Mischief with 1959 Topps article was intentional …
(Note: I've been out of town since last Wednesday, off to Sacramento, Calif., for a college graduation of a family member, but I should have mentioned those plans in my blog last Tuesday.)
As readers can probably imagine, I had more fun writing the 1959 Topps Baseball story a couple of weeks back then just about any story I’ve done for Sports Collectors Digest. Since 1959 is my favorite set, I also had fun grabbing more than 150 cards from my collection and arranging in various patterns for the page layouts in the June 18 issue.
But like so many stories I do, I would have liked to have spent a lot more time in preparation, in this case at least three or four times as much, but alas it just isn’t possible.
There’s been a good deal of feedback coming in from that article, including some valid criticism that I’ll mention here, along with a bit of mischief that I intentionally undertook. I do that sometimes.
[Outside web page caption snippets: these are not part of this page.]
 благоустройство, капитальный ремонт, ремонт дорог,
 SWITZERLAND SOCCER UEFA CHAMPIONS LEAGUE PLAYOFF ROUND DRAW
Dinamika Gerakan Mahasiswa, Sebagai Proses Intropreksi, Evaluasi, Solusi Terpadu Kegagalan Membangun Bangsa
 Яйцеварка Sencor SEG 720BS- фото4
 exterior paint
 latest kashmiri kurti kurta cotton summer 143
Reader David Ladd (letter appears in the Feedback section of this issue) noted quite fairly that if I were going to discuss “Flexichromes” so extensively, I should have pictured some of them in the vast array of 1959’s included in the feature. That’s the valid criticism; I did picture several of them, but maybe I should have pointed out which ones they were, forgetting sometime that the “peculiar” and “odd-looking” nature isn’t necessarily readily apparent for everyone.
For the record, high-series Flexichromes of Jim Coates and Joe Koppe appear on the cover image, and others (not high series) of Dutch Dotterer and Jim Owens appear in inside pages.
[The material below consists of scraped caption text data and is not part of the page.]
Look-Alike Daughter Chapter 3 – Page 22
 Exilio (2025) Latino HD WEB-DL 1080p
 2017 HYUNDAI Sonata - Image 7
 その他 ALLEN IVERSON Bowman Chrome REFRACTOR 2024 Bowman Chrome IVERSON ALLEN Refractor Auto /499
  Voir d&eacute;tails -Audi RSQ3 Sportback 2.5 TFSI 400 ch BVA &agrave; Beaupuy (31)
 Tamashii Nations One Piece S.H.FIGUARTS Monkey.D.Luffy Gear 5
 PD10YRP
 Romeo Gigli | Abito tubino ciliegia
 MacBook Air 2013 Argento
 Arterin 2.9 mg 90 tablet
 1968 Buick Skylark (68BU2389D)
Ladd’s other observation was that bit of intentional mischief I alluded to. He notes that I talked about Ted Williams and Maury Wills being missing from the 1959 set, then correctly points out that I pictured what appeared to be 1959 cards of both of them. Guilty as charged.
I was just trying to have a little fun with the readers, and several – including Ladd – have spotted the chicanery. Ladd referenced two cards, but there were actually three: a high-number All-Star style Ted Williams on Page 50, a regular-issue Wills card on Page 51 and a regular-issue Williams on Page 52.
All three cards were created by the now-nearly-legendary-himself Keith Conforti (www.vintagecardtraders.org/virtual/pseudo/pseudo.html), and I was delighted to be able to slide them into the story. And in my defense, I had planned all along to make the identification in a subsequent issue of SCD, but didn’t want to do it in that June 18 issue.
He also noted quite fairly that I should have pictured the semi-infamous card of merry prankster Lew Burdette where he had traded gloves with his buddy Warren Spahn and posed as a left-hander. That was one that just slipped past me, much as the original paste-up managed to sneak past the Topps proofreaders after Lew snookered the photographer. I had pulled out a Burdette card to be included in one of the seven pages of color photos, but it just got lost in the shuffle.
Burdette, who like Spahn I have interviewed a couple of times, would presumably have winked at my error.